### DATA PROVIDED
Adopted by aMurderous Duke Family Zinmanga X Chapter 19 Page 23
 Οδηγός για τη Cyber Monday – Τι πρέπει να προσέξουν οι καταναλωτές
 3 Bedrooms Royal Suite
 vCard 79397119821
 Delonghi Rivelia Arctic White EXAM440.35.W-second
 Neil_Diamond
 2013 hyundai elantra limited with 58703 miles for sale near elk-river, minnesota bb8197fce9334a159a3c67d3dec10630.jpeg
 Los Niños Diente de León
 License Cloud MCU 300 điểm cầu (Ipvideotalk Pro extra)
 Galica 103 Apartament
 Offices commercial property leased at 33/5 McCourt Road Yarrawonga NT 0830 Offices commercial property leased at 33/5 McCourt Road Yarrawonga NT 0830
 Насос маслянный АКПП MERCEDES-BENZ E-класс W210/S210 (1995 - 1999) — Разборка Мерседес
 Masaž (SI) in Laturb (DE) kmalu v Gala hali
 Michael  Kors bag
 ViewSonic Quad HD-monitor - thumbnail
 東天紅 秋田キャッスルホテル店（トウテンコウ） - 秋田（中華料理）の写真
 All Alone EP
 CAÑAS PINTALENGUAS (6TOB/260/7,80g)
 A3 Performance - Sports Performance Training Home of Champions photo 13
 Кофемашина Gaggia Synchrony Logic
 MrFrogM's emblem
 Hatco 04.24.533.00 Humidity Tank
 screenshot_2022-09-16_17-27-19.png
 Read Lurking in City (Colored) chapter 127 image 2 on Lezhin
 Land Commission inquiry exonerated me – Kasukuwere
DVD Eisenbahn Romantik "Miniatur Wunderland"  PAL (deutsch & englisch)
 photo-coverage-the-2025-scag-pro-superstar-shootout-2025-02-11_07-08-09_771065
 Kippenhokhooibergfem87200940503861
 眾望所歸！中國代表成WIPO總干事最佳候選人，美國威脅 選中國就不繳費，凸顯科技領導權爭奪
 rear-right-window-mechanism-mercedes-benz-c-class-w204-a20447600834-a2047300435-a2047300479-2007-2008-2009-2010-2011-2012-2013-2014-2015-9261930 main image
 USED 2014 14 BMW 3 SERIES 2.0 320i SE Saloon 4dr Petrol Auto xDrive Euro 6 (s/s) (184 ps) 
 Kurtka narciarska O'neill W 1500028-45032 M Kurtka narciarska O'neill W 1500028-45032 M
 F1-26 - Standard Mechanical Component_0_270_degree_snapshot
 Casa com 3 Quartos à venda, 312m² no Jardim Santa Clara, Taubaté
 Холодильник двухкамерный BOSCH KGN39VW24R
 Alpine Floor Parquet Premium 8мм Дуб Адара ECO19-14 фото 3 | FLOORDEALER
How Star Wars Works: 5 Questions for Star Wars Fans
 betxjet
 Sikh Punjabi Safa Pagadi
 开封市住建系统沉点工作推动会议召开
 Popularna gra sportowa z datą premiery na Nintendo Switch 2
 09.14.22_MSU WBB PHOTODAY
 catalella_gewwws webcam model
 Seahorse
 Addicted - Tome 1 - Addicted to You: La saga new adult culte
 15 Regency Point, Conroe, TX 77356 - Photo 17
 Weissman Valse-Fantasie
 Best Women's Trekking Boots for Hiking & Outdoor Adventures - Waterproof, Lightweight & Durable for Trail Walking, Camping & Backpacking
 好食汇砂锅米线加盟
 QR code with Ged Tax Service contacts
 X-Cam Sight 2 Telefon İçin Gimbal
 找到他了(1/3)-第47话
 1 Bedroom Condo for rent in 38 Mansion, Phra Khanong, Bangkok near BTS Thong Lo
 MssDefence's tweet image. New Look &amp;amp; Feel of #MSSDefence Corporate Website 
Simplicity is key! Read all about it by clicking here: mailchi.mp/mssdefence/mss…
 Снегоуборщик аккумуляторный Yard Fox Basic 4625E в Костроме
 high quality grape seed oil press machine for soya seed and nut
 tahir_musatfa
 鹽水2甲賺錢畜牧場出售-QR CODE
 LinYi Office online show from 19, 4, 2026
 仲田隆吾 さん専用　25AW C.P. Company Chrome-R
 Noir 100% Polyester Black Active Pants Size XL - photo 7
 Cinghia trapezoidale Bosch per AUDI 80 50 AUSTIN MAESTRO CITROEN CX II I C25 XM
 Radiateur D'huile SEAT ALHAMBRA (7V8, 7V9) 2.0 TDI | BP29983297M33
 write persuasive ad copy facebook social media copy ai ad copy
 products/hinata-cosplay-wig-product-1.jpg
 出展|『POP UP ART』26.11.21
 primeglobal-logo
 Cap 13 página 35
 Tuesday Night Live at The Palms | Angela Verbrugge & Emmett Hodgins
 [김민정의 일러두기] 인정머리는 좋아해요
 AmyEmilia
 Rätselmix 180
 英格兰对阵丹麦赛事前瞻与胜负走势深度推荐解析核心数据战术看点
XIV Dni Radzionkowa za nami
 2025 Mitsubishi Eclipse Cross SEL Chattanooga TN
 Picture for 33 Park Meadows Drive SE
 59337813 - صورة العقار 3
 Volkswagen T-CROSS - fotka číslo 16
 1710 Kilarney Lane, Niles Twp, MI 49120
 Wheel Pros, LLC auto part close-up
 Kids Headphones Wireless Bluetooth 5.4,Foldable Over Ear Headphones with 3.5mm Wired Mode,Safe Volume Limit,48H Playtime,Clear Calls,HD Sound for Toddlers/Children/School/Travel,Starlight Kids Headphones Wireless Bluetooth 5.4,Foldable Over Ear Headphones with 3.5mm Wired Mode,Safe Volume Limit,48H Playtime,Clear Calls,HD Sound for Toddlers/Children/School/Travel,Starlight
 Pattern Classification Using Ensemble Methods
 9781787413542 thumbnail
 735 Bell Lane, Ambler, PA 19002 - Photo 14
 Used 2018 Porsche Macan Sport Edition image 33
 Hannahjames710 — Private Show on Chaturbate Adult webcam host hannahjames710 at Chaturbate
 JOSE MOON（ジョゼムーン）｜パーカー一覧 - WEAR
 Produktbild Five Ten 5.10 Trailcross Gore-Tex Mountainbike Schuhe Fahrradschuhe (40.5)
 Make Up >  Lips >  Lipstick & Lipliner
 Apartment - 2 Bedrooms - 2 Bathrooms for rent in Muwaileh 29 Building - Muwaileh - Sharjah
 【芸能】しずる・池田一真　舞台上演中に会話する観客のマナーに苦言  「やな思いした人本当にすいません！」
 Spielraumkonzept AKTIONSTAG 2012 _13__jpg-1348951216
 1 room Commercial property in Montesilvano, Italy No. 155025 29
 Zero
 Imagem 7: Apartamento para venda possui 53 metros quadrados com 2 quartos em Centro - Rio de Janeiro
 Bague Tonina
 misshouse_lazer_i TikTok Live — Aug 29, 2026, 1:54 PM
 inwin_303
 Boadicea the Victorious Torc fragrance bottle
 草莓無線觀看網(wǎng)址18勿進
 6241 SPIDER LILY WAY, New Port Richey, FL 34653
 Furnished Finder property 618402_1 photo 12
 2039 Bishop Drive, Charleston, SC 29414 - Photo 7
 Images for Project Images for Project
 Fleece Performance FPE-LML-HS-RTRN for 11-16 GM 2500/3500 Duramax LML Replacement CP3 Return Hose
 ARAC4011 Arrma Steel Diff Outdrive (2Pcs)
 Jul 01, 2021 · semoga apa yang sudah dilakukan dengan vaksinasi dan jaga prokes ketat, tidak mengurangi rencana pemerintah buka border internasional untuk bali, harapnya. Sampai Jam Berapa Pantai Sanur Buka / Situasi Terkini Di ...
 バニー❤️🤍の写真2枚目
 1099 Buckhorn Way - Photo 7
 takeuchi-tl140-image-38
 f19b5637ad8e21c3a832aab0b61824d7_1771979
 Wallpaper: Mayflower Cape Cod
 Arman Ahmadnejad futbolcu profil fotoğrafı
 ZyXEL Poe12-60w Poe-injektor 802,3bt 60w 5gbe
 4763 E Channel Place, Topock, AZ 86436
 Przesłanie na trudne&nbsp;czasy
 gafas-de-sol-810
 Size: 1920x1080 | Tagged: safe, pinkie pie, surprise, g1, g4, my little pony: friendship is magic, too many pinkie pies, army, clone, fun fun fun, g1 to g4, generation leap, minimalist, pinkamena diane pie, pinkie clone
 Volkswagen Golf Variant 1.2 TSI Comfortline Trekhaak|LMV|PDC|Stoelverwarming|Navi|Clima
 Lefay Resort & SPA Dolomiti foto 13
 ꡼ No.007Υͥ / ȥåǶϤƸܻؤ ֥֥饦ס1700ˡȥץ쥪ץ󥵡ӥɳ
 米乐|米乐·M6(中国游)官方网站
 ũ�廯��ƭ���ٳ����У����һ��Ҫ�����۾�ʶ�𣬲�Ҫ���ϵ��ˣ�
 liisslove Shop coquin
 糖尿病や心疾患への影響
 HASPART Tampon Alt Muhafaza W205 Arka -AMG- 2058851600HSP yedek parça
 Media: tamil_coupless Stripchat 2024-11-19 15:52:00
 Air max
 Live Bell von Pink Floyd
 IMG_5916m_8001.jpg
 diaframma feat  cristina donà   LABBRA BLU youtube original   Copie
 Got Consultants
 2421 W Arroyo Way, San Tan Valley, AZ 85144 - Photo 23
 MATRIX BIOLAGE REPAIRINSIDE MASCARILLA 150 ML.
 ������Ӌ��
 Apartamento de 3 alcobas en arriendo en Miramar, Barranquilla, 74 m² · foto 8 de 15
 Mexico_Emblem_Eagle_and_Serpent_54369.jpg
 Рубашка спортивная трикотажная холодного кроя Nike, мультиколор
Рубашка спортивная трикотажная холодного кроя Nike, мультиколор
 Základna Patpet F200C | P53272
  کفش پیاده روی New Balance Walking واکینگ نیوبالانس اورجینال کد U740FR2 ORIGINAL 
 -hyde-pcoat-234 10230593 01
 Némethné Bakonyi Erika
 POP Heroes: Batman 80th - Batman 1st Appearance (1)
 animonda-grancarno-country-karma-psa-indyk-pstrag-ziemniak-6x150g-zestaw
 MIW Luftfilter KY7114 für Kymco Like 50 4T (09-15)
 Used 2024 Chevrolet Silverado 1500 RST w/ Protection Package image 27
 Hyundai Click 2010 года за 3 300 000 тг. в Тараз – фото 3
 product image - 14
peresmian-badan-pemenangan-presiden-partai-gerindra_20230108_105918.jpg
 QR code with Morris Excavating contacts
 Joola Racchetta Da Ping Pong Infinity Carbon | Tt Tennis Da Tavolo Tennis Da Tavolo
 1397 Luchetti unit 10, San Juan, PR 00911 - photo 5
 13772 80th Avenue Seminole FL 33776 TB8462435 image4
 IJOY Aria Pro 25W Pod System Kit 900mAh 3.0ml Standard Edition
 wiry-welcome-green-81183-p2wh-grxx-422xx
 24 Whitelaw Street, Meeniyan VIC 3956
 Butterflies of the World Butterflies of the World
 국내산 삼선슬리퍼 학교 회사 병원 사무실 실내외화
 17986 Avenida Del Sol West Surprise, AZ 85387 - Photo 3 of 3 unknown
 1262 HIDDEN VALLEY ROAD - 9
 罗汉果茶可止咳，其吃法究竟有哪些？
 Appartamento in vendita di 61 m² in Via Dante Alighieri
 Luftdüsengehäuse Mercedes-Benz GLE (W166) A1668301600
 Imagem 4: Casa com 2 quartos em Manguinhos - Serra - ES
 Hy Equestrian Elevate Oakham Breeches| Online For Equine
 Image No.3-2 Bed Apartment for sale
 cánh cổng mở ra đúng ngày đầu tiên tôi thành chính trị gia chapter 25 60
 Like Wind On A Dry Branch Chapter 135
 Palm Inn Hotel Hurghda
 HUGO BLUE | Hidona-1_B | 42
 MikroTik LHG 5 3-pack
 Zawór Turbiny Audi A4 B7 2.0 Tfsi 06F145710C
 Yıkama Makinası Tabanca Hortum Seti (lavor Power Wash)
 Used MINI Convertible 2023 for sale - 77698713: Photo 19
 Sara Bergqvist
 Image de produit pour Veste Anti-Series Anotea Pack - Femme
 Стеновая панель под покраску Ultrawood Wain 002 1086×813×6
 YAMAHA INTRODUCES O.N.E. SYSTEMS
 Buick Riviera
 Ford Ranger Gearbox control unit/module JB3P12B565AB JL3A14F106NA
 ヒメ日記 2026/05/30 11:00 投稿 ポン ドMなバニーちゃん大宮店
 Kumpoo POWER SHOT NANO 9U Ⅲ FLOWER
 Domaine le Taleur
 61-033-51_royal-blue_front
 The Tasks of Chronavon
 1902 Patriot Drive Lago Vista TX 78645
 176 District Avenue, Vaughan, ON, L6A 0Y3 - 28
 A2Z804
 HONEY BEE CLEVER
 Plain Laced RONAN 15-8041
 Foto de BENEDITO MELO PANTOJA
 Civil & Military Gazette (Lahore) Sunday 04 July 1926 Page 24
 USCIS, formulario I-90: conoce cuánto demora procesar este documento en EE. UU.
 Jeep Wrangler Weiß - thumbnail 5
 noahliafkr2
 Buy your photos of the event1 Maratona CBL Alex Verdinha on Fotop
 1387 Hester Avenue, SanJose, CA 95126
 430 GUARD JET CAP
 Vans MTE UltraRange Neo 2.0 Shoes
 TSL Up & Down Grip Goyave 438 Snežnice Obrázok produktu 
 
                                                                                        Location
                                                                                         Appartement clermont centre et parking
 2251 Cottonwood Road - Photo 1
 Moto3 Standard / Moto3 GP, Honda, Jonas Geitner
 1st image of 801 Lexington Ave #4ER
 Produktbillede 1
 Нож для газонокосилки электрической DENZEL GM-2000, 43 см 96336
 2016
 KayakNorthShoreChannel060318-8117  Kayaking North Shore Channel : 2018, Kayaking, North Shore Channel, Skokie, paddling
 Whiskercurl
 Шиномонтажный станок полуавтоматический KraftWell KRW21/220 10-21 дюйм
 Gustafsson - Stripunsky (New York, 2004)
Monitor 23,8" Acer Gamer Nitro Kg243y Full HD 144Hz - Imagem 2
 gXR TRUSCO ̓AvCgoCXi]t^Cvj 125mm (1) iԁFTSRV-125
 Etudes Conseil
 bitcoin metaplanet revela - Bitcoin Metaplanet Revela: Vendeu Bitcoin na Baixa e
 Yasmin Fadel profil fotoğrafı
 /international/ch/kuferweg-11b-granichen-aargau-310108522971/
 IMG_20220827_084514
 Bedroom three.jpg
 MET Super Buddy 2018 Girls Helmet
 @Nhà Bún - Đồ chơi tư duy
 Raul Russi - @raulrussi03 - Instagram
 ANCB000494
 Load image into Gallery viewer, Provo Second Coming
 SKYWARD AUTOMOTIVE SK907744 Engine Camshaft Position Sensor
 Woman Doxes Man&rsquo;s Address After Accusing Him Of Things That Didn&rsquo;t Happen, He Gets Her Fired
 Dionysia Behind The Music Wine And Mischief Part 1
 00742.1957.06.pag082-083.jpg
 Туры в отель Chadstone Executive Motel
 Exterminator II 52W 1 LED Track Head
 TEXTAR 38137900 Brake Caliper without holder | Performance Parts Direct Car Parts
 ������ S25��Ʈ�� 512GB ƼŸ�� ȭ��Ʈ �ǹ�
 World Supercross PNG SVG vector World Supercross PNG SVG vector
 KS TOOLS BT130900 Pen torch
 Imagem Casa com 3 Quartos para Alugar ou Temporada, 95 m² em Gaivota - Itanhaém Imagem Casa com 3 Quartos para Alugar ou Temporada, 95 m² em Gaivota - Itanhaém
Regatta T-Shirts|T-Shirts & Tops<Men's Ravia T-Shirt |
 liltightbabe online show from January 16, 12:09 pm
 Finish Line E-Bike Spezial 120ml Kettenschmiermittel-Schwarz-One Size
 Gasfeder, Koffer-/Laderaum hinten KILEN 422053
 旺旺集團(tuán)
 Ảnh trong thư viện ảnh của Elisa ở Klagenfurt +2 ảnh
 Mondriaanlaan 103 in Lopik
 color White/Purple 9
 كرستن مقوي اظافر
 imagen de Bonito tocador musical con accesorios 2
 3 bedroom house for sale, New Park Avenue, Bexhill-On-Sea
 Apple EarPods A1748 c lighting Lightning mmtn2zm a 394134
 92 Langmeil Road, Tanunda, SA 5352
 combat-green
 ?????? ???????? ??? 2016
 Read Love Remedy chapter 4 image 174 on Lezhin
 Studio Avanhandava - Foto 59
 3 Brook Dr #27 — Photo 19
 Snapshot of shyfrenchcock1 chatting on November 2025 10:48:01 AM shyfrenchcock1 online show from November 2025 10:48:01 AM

### EXERCISE
In the listing above, locate the line containing "Tuesday Night Live" and the line containing "Volkswagen T-CROSS - fotka číslo 16". Transcribe those two lines and everything between them, exactly as written.

### RESPONSE TO THE TASK
 Tuesday Night Live at The Palms | Angela Verbrugge & Emmett Hodgins
 [김민정의 일러두기] 인정머리는 좋아해요
 AmyEmilia
 Rätselmix 180
 英格兰对阵丹麦赛事前瞻与胜负走势深度推荐解析核心数据战术看点
XIV Dni Radzionkowa za nami
 2025 Mitsubishi Eclipse Cross SEL Chattanooga TN
 Picture for 33 Park Meadows Drive SE
 59337813 - صورة العقار 3
 Volkswagen T-CROSS - fotka číslo 16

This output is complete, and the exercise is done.